* REQUIREMENT *
Only one number is wanted: the count of lines in the records below that hold the word "Foto".
━━ DATA FOR PROCESSING ━━
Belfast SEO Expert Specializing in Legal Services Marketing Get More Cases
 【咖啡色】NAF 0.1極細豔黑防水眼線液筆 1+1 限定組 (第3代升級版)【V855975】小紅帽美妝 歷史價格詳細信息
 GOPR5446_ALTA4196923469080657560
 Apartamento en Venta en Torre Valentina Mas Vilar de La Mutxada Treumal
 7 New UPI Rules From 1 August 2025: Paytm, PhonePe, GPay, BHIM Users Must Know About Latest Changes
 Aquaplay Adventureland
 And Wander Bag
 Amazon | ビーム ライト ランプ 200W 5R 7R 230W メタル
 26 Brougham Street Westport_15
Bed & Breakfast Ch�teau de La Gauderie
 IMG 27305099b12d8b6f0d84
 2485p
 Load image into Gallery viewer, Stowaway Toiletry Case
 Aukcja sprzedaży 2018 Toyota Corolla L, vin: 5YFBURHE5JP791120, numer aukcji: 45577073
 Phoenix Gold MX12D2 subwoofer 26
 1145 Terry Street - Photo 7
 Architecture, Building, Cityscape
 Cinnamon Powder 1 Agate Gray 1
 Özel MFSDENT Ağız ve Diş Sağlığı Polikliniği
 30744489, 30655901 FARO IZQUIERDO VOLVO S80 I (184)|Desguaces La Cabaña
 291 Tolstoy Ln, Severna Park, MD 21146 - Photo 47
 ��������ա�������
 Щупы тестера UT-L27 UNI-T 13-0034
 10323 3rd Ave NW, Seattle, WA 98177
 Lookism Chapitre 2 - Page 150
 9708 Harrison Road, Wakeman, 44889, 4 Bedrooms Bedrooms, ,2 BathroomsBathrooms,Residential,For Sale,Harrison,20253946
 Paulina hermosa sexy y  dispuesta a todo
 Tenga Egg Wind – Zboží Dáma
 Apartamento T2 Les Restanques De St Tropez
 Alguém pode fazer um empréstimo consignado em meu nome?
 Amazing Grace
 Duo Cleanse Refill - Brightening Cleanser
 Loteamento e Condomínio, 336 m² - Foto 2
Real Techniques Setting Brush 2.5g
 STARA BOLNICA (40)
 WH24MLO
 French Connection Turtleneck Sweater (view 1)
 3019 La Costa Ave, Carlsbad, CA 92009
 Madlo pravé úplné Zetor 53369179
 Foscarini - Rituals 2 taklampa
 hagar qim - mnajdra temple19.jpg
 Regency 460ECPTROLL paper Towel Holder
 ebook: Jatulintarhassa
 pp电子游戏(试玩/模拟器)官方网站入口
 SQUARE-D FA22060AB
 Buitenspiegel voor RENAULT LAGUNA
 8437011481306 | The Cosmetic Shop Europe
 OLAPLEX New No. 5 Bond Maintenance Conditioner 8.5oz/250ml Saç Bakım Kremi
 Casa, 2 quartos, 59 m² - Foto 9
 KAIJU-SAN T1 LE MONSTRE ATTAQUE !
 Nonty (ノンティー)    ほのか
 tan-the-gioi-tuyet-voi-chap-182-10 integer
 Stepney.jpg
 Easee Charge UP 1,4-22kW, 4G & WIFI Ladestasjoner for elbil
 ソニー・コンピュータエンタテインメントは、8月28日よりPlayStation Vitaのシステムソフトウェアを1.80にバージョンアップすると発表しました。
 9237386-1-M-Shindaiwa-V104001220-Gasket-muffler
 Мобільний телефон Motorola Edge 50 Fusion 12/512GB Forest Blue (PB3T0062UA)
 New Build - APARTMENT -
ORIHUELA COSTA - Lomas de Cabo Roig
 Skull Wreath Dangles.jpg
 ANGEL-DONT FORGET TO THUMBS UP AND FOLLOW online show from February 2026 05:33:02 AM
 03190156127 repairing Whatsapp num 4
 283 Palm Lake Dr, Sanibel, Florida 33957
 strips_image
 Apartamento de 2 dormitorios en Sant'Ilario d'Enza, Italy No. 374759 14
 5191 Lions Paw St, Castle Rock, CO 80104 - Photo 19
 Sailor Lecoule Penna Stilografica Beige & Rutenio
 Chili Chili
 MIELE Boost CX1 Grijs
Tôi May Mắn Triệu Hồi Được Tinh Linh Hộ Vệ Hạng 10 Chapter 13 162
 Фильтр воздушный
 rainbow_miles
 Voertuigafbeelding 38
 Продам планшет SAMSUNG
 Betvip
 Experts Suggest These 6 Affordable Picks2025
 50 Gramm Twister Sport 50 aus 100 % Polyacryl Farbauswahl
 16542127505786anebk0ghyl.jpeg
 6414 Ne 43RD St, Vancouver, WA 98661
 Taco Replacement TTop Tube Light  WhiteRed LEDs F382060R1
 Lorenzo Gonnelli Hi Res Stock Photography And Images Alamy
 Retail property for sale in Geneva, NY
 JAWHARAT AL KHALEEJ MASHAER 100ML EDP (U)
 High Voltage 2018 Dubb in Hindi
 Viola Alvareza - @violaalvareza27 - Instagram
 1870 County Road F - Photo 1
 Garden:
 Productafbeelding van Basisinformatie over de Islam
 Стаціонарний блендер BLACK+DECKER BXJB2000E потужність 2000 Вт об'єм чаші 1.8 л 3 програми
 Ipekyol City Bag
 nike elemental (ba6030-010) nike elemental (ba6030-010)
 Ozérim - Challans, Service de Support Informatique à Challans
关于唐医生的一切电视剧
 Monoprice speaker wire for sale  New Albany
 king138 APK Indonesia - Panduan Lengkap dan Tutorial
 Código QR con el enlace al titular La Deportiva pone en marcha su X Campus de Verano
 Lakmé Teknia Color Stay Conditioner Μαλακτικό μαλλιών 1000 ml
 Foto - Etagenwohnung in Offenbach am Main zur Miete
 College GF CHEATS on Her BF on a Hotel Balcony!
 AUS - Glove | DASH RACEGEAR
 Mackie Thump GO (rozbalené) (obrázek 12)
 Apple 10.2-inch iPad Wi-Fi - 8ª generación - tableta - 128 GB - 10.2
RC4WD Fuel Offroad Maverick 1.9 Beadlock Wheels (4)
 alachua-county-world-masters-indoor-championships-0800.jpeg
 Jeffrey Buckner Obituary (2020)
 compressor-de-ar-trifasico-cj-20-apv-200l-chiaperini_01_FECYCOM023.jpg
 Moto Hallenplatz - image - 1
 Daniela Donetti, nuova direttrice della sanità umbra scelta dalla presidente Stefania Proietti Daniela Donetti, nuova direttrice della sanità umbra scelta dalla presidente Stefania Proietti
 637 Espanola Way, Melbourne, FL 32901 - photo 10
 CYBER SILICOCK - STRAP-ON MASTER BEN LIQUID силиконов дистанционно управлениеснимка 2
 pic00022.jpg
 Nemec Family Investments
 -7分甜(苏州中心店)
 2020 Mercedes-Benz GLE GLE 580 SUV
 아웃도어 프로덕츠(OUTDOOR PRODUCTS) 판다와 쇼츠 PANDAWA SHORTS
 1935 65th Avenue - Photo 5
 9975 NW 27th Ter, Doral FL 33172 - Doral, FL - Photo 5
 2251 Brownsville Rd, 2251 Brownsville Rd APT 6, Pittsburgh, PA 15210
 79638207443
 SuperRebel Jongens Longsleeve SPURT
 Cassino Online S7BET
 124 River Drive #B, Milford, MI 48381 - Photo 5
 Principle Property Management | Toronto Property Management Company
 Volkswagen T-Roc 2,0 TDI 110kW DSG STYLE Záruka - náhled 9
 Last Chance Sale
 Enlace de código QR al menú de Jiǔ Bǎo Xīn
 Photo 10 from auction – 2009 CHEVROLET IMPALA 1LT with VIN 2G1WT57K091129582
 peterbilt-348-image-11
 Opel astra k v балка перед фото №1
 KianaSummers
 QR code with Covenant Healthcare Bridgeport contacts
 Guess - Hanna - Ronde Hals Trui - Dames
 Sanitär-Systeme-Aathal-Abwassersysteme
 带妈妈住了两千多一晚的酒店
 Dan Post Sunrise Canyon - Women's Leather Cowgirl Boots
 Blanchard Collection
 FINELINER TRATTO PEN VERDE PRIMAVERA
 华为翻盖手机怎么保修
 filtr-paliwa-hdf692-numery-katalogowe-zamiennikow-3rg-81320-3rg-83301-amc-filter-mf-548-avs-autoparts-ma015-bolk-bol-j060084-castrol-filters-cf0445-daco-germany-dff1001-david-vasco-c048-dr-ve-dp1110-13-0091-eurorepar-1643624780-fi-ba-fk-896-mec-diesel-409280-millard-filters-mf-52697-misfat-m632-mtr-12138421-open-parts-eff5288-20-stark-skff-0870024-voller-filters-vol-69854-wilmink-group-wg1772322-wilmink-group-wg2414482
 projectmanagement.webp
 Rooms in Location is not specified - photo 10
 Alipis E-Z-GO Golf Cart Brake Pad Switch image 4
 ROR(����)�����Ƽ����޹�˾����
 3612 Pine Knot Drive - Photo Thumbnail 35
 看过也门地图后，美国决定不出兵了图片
━━━
* EXERCISE ANSWER *
3